Since our cell images dataset contains a moderate number of training samples and is unbalanced, we implemented the Inception-ResNet V2 and CapsNet on our cell image dataset to provide an extensive evaluation on the state-of-the-art CNNs in addition to ResNets. We followed the implementation details from Szegedy et al. (2017) and Sabour et al. (2017) except for several architecture parameters adapted to our image dimension and dataset size. For example, as a compromise between network complexity and computation power in our machine, we changed the number of kernels in the Inception-ResNets to be 64 if it is larger than 64.

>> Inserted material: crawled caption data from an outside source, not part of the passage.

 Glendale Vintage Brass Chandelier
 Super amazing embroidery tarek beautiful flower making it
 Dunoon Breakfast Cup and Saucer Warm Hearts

Traditional machine learning methods

To compare with CNNs, we implemented two tree ensemble methods known for very good classification performance in practice: random forests (Breiman, 2001) and extreme gradient boosting (XGBoost) (Chen & Guestrin, 2016). For further comparisons, we also implemented several standard classifiers: linear discriminant analysis, K-nearest neighbor, linear support vector machine and lasso logistic regression (Cover & Hart, 1967; Hearst, Dumais, Osuna, Platt, & Scholkopf, 1998; Lachenbruch & Goldstein, 1979; Tibshirani, 1996). Tuning parameters, such as the numbers of trees in random forest or boosting, were chosen based on the validation dataset, instead of cross-validation, because the DeepYeast validation dataset is large enough (12,500 images). All image data needs be vectorized before use. All classifiers except lasso logistic regression random were implemented using Python Scikit-learn (Pedregosa et al., 2011) while lasso logistic regression was in R glmnet package (Friedman, Hastie, & Tibshirani, 2009).

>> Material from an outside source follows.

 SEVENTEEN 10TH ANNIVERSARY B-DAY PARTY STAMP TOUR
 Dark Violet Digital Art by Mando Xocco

Feature Extraction and Transfer Learning

Feature extraction

A possible advantage of CNN is feature representation. A trained CNN is also used as a feature extractor or as an initializer for other classifiers to obtain better performance efficiently (Sharif Razavian, Azizpour, Sullivan, & Carlsson, 2014). We hypothesized that its feature extraction could benefit the analysis of other statistical methods. Leveraging CNN’s feature extraction, we replaced the last fully-connected layer of the DeepYeast with random forests or XGBoost. Then we compared the performance against applying those two classifiers from scratch.

Although it is in general difficult to interpret specific features extracted in each layer of a CNN, efforts have been made with some progress, such as applying gradient ascent to generate input that activates a kernel, visualizing activation heatmaps after occluding some objects (Yosinski, Clune, Nguyen, Fuchs, & Lipson, 2015; Zeiler & Fergus, 2014). Here, for illustration, we took the simple (and common) approach to visualize the activation in the first and last convolution layers of a CNN.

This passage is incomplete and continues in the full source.